IRS Hard Drive Crash

Floor Speech

Date: June 25, 2014
Location: Washington, DC
Issues: Taxes

Mr. DeSANTIS. Mr. Speaker, the American people are not buying what the IRS is selling re these lost emails.

They want us to believe that within 10 days of Dave Camp requesting emails from the IRS, Lois Lerner's hard drive just happened to crash; her emails are gone and unrecoverable.

Now, what are the odds that the IRS is telling the truth? My friend, colleague, and MIT grad Thomas Massie provided me the following calculations:

Using the IRS's own figures, the chance that a hard drive would crash on any given day is 0.01 percent.
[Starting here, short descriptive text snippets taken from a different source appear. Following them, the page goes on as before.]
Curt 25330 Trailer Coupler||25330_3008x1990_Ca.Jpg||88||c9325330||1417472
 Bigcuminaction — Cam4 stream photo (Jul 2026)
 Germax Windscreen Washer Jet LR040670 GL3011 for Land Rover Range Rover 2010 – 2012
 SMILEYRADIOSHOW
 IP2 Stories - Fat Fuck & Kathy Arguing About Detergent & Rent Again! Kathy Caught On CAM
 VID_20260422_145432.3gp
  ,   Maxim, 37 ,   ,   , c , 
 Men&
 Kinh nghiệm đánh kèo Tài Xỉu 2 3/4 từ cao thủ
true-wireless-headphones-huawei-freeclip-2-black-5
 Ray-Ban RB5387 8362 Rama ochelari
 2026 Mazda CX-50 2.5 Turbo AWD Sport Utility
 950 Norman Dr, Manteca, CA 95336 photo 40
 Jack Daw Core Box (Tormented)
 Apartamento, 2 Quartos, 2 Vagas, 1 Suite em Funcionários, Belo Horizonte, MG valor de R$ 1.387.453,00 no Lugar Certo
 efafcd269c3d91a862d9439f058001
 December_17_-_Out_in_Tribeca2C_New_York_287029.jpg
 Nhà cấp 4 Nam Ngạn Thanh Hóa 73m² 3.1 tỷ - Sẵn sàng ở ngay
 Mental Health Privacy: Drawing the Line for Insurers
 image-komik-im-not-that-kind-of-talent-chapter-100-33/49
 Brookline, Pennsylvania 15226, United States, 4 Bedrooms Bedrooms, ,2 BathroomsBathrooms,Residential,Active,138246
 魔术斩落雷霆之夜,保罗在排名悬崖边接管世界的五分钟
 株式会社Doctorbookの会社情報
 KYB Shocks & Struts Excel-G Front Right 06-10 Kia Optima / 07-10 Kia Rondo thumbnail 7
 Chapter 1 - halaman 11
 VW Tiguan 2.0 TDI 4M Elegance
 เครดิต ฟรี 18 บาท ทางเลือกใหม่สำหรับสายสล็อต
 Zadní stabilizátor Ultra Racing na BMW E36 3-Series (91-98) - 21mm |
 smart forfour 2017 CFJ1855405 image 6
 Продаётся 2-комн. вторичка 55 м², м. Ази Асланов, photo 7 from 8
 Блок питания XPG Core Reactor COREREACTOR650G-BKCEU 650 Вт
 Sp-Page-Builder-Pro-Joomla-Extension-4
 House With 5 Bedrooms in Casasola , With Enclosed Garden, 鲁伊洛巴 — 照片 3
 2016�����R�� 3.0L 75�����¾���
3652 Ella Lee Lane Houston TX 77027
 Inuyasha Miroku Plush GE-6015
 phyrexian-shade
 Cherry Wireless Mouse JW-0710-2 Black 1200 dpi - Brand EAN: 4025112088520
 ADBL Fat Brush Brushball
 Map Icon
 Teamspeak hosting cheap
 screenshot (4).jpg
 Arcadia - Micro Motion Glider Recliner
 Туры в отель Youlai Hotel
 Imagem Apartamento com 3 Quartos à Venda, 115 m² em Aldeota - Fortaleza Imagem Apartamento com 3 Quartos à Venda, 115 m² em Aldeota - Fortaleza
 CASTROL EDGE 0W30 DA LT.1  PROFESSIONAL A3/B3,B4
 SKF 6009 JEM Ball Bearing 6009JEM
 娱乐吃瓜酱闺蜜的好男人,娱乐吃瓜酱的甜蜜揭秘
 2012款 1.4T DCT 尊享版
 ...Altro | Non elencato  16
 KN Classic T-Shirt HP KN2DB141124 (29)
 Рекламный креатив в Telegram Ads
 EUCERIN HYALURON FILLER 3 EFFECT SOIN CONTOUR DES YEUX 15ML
So, over a 10-day period, the odds are basically 1 in 1,000 that your hard drive would crash. But here's the thing: only 10 percent of hard drive crashes result in having data and emails that are completely unrecoverable. So if you multiply those probabilities out, the odds that the IRS is telling the truth is one one-hundredth of 1 percent.

Now, if you, as a taxpayer, provided the IRS with an explanation that was that improbable, how long do you think it would take them to laugh in your face and hold you accountable? So the question we have, Mr. Speaker, is: Why should we accept such an improbable explanation from the IRS?